Organizations often mistakenly treat supply chain simulations as linear processes, believing they can only begin utilizing them once their data and systems are fully ready. The reality is that data is never fully clean and ready for business use; it is a continuous and evolving process. Moving forward, supply chain leaders should consider adopting a new approach when transforming their data lakes and AI capabilities.
This new approach entails viewing data lakes as valuable assets that allow decision-makers to rely on insights through new experience-based tools and technologies. This means organizations should stop building data lakes merely as dumping grounds for storing information and instead treat them as tools that – when combined with data analytics – can help optimize the supply chain and other parts of the operation.
At this stage, the organization should add an AI layer that leverages ML to analyze data with a clear eye on a wide range of use cases. GenAI then serves as the top layer, and we see many organizations that deploy GenAI are beginning to transform the way they interact with data, running simulations and other scenarios that provide a forward-looking view of the supply chain ecosystem.

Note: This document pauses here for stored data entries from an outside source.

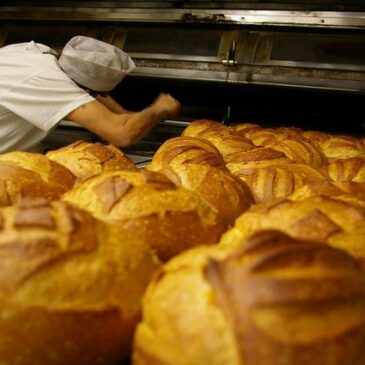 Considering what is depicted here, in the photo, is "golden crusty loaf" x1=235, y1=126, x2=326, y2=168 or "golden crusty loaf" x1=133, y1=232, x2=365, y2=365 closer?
"golden crusty loaf" x1=133, y1=232, x2=365, y2=365

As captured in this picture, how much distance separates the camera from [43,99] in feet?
9.64

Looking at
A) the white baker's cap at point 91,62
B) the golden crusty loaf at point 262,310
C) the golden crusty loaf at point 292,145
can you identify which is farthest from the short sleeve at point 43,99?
the golden crusty loaf at point 262,310

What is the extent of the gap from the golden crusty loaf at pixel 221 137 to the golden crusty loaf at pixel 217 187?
2.74 feet

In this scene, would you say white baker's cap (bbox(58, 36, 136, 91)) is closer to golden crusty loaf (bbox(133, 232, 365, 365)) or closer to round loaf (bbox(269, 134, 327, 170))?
round loaf (bbox(269, 134, 327, 170))

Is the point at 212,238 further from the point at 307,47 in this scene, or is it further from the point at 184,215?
the point at 307,47

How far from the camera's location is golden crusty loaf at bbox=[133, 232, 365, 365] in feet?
2.27

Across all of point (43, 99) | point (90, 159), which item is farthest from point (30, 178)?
point (43, 99)

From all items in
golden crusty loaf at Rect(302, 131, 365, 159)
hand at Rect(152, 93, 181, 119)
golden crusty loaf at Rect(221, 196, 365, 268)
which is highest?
golden crusty loaf at Rect(221, 196, 365, 268)

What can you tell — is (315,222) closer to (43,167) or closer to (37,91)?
(43,167)

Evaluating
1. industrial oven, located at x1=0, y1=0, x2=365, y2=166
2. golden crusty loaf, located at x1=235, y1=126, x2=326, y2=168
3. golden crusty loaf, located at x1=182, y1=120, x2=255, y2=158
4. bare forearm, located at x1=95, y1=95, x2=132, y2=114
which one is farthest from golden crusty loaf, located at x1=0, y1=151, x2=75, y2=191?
bare forearm, located at x1=95, y1=95, x2=132, y2=114

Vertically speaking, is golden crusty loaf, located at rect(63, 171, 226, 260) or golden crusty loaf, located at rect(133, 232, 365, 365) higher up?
golden crusty loaf, located at rect(133, 232, 365, 365)

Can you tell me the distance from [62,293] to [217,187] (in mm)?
770

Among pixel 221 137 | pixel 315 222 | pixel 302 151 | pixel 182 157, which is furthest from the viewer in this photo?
pixel 221 137

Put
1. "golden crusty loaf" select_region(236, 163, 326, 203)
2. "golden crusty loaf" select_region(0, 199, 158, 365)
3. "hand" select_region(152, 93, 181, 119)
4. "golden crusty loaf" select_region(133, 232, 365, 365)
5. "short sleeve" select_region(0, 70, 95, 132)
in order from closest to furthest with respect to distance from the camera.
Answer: "golden crusty loaf" select_region(133, 232, 365, 365) → "golden crusty loaf" select_region(0, 199, 158, 365) → "golden crusty loaf" select_region(236, 163, 326, 203) → "short sleeve" select_region(0, 70, 95, 132) → "hand" select_region(152, 93, 181, 119) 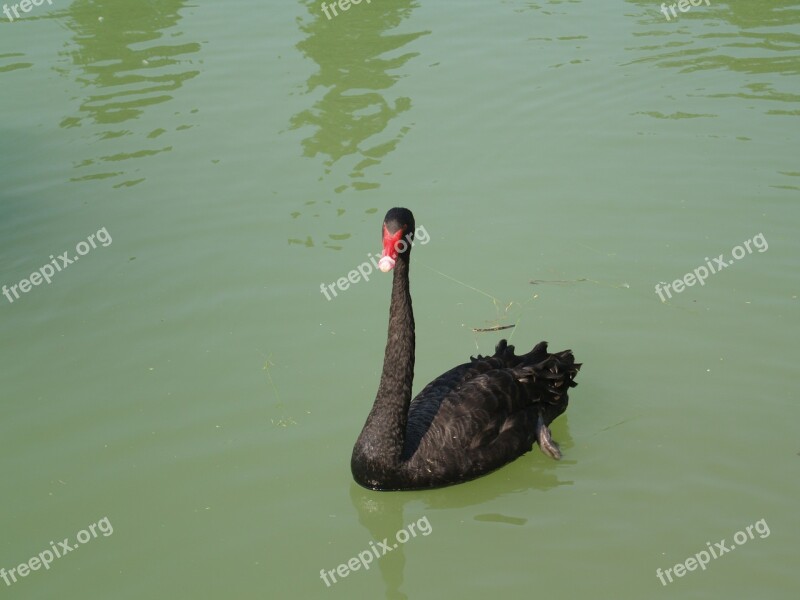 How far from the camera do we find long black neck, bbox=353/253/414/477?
5.57 m

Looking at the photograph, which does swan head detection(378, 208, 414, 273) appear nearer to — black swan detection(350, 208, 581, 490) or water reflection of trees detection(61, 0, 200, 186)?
black swan detection(350, 208, 581, 490)

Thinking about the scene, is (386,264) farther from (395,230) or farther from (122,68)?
(122,68)

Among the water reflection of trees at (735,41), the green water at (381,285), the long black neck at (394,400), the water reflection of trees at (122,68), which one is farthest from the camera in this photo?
the water reflection of trees at (735,41)

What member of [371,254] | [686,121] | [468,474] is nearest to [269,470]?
[468,474]

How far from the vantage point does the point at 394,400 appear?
18.4ft

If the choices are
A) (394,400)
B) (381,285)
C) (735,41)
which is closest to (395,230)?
(394,400)

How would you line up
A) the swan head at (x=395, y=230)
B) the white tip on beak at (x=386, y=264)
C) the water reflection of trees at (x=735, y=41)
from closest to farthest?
1. the white tip on beak at (x=386, y=264)
2. the swan head at (x=395, y=230)
3. the water reflection of trees at (x=735, y=41)

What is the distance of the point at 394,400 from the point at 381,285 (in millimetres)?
1904

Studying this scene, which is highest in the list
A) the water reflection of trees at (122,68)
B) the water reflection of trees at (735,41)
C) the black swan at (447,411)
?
the water reflection of trees at (122,68)

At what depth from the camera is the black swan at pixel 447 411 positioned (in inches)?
220

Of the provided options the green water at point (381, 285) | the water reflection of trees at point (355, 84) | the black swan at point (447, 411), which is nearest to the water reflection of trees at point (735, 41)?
the green water at point (381, 285)

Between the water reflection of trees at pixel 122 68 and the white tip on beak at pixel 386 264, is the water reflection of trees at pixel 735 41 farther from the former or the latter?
the white tip on beak at pixel 386 264

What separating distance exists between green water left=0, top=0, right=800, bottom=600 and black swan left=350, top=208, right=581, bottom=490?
6.2 inches

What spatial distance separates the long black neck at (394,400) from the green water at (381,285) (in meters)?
0.27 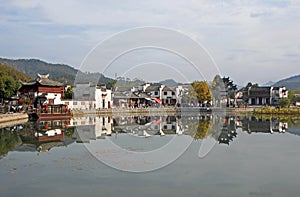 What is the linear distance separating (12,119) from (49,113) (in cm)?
421

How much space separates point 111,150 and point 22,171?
349 cm

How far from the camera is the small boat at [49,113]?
26881mm

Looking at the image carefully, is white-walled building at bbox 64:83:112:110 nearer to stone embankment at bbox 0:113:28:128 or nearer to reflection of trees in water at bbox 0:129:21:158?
stone embankment at bbox 0:113:28:128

One critical consideration all organizations will need to make as they build out their ability to tap GenAI and leverage it for broader decisions and deploy a truly autonomous supply chain is to establish clear governance and accountability structures. This includes defining who will take ownership of the AI models and ensuring there are protocols in place for monitoring and addressing any issues that arise. Accountability is crucial here. Organizations cannot simply blame the AI model if something goes wrong; there must be explainability and an audit trail for tracking the decision-making process of the AI model, and human oversight to manage and rectify any potential problems.
A second consideration is the incorporation of real-time data streams. To fully harness the potential of GenAI for simulations, organizations must ensure that their data lakes and AI models can ingest and process real-time data from various sources, including internet of things (IoT) devices, sensors and external data feeds. This capability will allow companies to respond swiftly to fluctuations in demand, supply chain disruptions and other dynamic factors impacting the supply chain.